Works by Nordic constructivists can be found alongside the works of Swiss concrete and contemporary American artists, these in turn alongside those of Italian constructivists and the founders of hard edge painting in the USA.
This approach to presenting works from the Arithmeum's collection, which is detached from the usual classification criteria, allows an unrestricted view of these works of art.
Lines, colours, structures and shapes suddenly come to the fore. The human eye, which always unconsciously searches for order criteria, begins to mediate between the works. On a single wall with 71 images, it can jump from circles to circles in the individual compositions or search for diagonals. But also the search for a color correspondence in the works can turn out to be an interesting optical journey in front of this wall.
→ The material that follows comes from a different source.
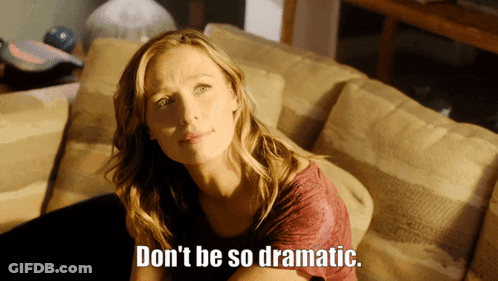 A Woman Sitting On A Couch With The Words " Don 'T Be So Dramatic " Written On The Bottom GIF
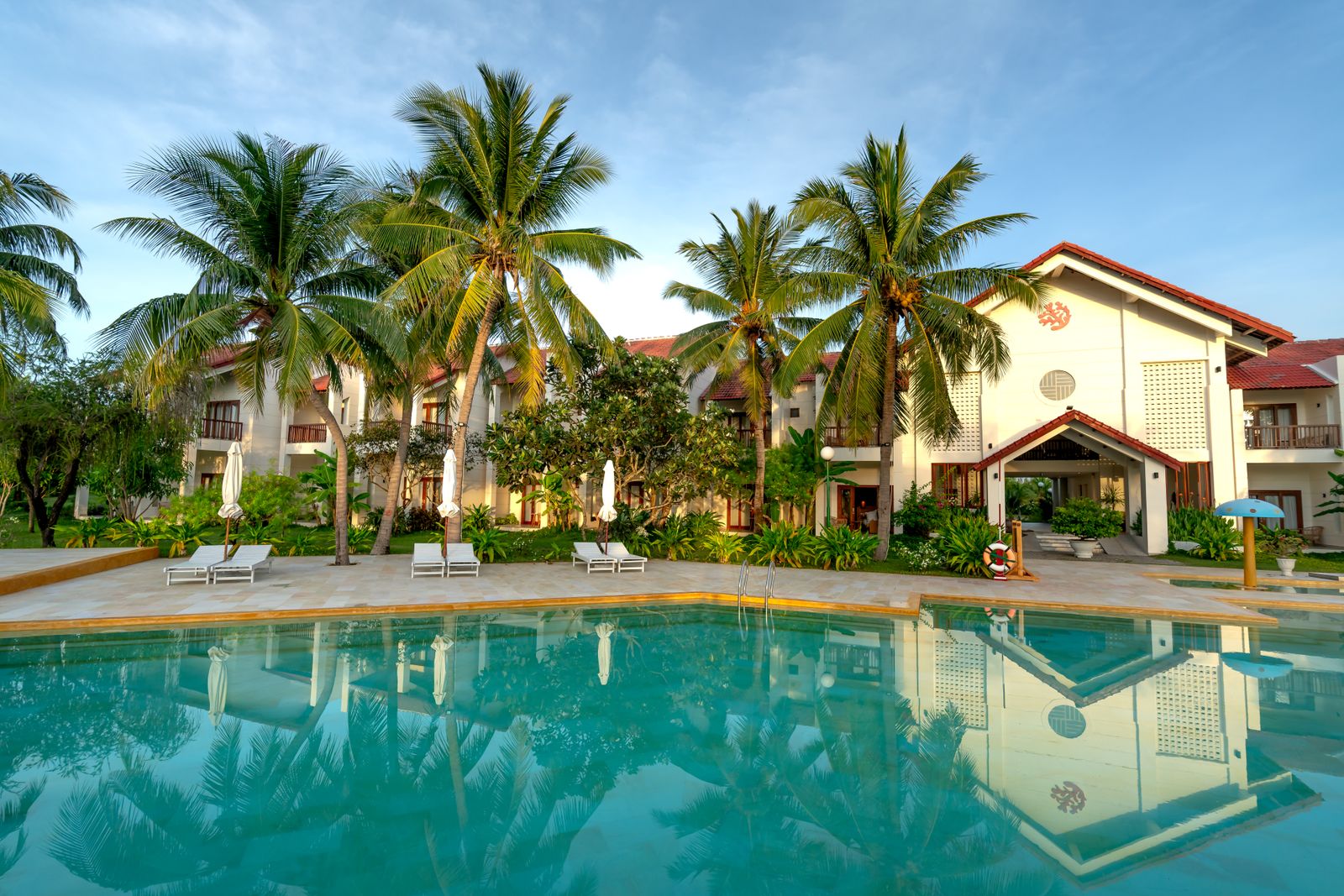 Resort pool with palms and loungers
„200 works from the Arithmeum Collection“ opens up a new dimension that presents the collection's artistic richness in a new light. Due to the density of the presentation, visitors are shown in an impressive way the variety and vitality of the geometric-constructive art movement. The mathematical, intellectual and cool impressions that this art creates for some viewers give way to an emotional perception in this hanging through numerous visual fields of tension. References between each other become clear. In principle, very orderly in mutant compositions in combination with the other works contribute to a confusing play that brings the poetic radiance of the pictures to life. The dialogue between the works stimulates the viewer to look creatively and to overcome the classical approach of a museum visitor. Instead, it is allowed to watch in a playful way. Regardless of the artist's knowledge and the intention of the work, the geometric forms can begin a life of their own in the eye of the beholder.